The current code for validation and database-insertion of JSON datasets spans 118 lines; by contrast, that for delimited text datasets (ds_insert_delim and its helper functions) spans 475 lines and is commensurately more difficult to maintain and extend.

The pandas library (already in use) indicates a way to simplify not only the codebase but also the preparation of datasets, with its json_normalize method. Using it with recursion into nested structures, LPF JSON can be converted to delimited text reversibly and without any loss of data. The entire LPF JSON feature example given at https://github.com/LinkedPasts/linked-places-format could, for example, could be transformed into the following 80 flattened columns:

type | @id | properties.title | properties.ccodes.0 | properties.fclasses.0 | when.timespans.0.start.in | when.timespans.0.end.in | when.periods.0.name | when.periods.0.@id | when.periods.1.name | when.periods.1.@id | when.label | when.duration | when.certainty | names.0.toponym | names.0.lang | names.0.citations.0.label | names.0.citations.0.year | names.0.citations.0.@id | names.0.when.timespans.0.start.in | names.1.toponym | names.1.lang | names.1.when.timespans.0.start.in | names.1.when.certainty | types.0.identifier | types.0.label | types.0.sourceLabels.0.label | types.0.sourceLabels.0.lang | types.0.when.timespans.0.start.in | geometry.type | geometry.geometries.0.type | geometry.geometries.0.coordinates.0 | geometry.geometries.0.coordinates.1 | geometry.geometries.0.when.timespans.0.start.in | geometry.geometries.0.when.timespans.0.end.in | geometry.geometries.0.citations.0.label | geometry.geometries.0.citations.0.@id | geometry.geometries.0.certainty | geometry.geometries.1.type | geometry.geometries.1.coordinates.0 | geometry.geometries.1.coordinates.1 | geometry.geometries.1.geowkt | geometry.geometries.1.when.timespans.0.start.in | geometry.geometries.1.certainty | links.0.type | links.0.identifier | links.1.type | links.1.identifier | links.2.type | links.2.identifier | links.3.type | links.3.identifier | links.4.type | links.4.identifier | links.5.type | links.5.identifier | relations.0.relationType | relations.0.relationTo | relations.0.label | relations.0.when.timespans.0.start.in | relations.0.when.timespans.0.end.in | relations.1.relationType | relations.1.relationTo | relations.1.label | relations.1.when.timespans.0.start.in | relations.2.relationType | relations.2.relationTo | relations.2.label | relations.2.when.timespans.0.start.in | relations.2.citations.0.label | relations.2.citations.0.year | relations.2.citations.0.@id | relations.2.certainty | descriptions.0.@id | descriptions.0.value | descriptions.0.lang | depictions.0.@id | depictions.0.title | depictions.0.license

The format is extensible for larger arrays (but unlike LPF JSON does not accommodate metadata, which would need to be provided separately, as is already the case for LP-TSV). Most datasets would probably use considerably fewer columns, and any delimited text which uses this column-naming convention could be converted to LPF JSON. WHG users could submit flattened LPF (f-LPF?) as an alternative to LP-TSV. Could be useful to allow JSON objects in uploads to reduce number of required columns; citations could be uploaded as delimited text in the form property | value (following a template).

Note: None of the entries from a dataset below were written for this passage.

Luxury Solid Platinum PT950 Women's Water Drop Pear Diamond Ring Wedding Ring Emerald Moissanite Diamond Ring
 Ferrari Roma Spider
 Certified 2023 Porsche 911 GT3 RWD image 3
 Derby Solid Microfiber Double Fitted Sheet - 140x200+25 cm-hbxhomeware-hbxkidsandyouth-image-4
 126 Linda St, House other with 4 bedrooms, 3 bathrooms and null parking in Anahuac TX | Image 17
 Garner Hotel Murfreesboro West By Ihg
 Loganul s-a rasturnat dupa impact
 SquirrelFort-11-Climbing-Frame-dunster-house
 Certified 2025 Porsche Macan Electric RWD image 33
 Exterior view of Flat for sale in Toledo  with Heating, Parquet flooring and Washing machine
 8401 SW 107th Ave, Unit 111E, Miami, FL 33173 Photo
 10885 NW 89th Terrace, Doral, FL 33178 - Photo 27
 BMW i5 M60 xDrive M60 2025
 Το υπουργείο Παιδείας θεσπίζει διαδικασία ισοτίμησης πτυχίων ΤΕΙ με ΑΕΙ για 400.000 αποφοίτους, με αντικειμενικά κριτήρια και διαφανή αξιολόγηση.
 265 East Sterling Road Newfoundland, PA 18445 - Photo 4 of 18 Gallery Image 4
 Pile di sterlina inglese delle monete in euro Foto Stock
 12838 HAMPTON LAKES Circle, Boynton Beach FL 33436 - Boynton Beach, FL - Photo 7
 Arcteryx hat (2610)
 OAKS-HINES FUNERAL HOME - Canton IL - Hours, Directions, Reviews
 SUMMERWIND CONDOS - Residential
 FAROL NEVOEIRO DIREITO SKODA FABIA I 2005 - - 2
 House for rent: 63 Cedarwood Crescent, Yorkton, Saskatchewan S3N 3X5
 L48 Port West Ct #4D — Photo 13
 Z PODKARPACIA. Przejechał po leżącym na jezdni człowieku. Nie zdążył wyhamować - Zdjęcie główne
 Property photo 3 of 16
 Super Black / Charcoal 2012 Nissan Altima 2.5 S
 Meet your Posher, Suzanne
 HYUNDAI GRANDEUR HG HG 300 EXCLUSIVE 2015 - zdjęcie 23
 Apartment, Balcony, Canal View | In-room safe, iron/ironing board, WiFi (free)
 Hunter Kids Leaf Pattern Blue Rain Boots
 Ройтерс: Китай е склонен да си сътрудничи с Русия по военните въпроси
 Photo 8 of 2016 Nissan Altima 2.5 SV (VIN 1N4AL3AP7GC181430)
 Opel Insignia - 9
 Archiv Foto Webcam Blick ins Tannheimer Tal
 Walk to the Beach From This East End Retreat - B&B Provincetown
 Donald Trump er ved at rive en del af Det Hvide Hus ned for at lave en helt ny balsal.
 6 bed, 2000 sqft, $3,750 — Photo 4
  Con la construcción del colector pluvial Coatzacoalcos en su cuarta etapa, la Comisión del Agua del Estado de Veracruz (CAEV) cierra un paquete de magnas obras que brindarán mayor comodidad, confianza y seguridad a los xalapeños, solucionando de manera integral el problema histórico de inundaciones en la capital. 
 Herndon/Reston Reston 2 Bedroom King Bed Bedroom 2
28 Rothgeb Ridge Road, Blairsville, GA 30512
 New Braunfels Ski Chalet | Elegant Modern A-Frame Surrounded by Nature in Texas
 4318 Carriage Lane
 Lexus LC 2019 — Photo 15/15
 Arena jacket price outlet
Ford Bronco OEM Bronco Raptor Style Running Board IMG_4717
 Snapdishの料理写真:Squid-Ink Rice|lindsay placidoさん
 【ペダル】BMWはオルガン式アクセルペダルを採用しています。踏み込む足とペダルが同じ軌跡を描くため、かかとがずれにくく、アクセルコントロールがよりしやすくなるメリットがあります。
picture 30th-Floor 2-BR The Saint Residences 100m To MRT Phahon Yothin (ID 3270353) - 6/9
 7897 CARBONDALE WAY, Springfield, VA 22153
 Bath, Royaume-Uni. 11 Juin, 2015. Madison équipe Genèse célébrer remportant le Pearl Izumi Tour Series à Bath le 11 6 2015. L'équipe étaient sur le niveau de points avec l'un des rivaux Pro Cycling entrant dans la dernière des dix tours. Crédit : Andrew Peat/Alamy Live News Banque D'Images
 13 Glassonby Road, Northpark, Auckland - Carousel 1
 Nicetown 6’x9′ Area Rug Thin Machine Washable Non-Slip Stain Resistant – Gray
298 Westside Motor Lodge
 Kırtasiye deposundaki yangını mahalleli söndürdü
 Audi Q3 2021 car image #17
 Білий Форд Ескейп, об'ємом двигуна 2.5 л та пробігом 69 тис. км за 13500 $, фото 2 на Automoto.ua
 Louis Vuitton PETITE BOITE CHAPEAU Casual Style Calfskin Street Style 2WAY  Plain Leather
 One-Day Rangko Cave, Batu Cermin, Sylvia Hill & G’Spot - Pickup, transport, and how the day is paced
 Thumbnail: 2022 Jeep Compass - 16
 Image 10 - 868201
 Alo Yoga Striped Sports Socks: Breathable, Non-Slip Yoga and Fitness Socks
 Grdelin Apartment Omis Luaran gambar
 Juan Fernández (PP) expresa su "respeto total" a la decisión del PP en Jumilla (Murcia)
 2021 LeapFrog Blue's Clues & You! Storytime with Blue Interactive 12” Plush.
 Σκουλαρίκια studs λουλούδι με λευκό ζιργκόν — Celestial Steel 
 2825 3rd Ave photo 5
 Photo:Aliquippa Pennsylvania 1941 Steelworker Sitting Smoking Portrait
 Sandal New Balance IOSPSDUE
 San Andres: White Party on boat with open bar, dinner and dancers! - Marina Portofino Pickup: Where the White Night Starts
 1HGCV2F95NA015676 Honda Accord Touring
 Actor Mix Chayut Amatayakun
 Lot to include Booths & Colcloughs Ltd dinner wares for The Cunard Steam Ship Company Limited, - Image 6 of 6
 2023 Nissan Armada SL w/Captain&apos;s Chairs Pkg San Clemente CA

The processing pipeline for an uploaded dataset could then be simplified, as below. Chunking and streaming must be used where indicated in order to accommodate the possibility of very large files which would compromise memory and performance of the server. Both validation and insertion ought to run as celery tasks, reporting progress back to the browser's spinner label both to avoid timeout errors and to provide reassurance to users.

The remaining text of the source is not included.